Missions sent to Mars with the goal of identifying organic matter have relied on evolved gas analysis (EGA) for organic molecular detections. A ubiquitous product of these experiments is carbon dioxide. Potential sources include atmospherically adsorbed CO₂, carbonates, instrument background, and organic matter. Organic molecules can release CO₂ through processes such as decarboxylation or via combustion, if phases that thermally decompose to release oxygen are present in a sample. Such phases include oxychlorine salts, which have been found to be widespread across the martian surface. Thus, understanding how sample chemistry influences CO₂ release during heating is essential for constraining martian carbon sources, including organic molecules.

Mars is bombarded by ionizing radiation that cleaves water molecules and generates oxidising species in martian rocks and sediments.
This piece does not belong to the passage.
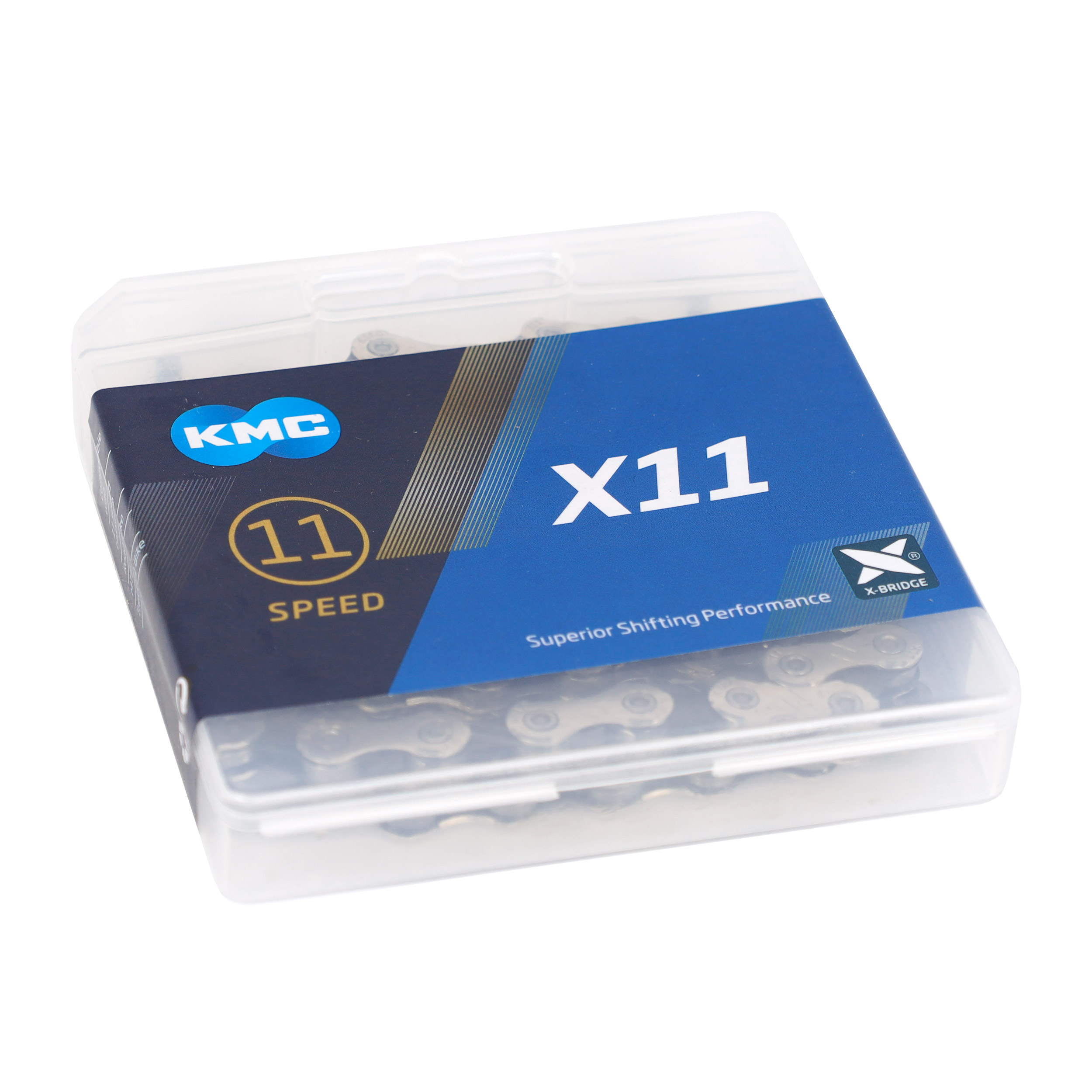 Велосипедная цепь KMC 11 speed. X11. 1/2"x11/128"116звеньев. Asymmetrical 
chamfering. 100% Compatibility. С замком./уп 30/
In the presence of these powerful oxidants, the surficial organic record of Mars is expected to include metastable organic salts, such as oxalates and acetates. Oxalates are challenging to unambiguously identify with EGA as the only products are CO₂ and CO. EGA of acetate yields CO₂, CO, acetone, acetic acid, and acetic anhydride, but the latter three products have not yet been detected in Mars data. A range of synthetic oxalate, acetate, and perchlorate standards were studied using a commercial laboratory setup analogous to the EGA experiments carried out by the Sample Analysis at Mars (SAM) instrument suite on board Curiosity rover. Evolved gas analyses were conducted on organic salts on their own and in mixtures with different perchlorate species. Lab EGA release temperatures for CO₂ and CO released from organic salts mixed with perchlorates most closely match SAM-EGA release temperatures of martian samples. CO₂ and CO release temperatures for isolated organic salts did not match SAM-EGA data. On Mars, metastable organic salts in the presence of oxychlorine salts could be responsible for many of the CO₂ peaks observed by SAM-EGA.